(Data records)
::::::::::
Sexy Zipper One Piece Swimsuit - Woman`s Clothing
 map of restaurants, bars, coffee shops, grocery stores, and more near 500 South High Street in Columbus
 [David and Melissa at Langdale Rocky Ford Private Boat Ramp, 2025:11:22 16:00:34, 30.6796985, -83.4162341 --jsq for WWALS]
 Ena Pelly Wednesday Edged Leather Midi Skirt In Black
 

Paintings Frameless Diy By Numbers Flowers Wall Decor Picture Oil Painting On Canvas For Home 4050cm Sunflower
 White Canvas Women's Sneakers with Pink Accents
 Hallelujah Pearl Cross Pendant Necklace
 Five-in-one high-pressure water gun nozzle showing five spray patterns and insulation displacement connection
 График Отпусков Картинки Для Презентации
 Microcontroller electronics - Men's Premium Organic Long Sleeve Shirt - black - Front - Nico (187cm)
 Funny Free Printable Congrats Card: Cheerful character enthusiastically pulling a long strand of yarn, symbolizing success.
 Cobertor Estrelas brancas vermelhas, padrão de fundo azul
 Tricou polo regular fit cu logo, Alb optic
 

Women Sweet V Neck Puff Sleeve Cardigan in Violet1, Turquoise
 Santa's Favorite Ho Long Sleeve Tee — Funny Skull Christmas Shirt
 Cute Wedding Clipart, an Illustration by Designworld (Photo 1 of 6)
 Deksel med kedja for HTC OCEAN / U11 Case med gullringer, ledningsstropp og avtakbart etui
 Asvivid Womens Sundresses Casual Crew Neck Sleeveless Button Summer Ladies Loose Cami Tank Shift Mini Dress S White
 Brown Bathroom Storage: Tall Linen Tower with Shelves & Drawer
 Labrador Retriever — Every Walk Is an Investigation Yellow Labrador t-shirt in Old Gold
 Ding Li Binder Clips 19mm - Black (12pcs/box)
::::::::::
__Work to be completed__
Tally the lines of the entries that carry the word "Funny" and say only that number.

__Reply to the exercise__
2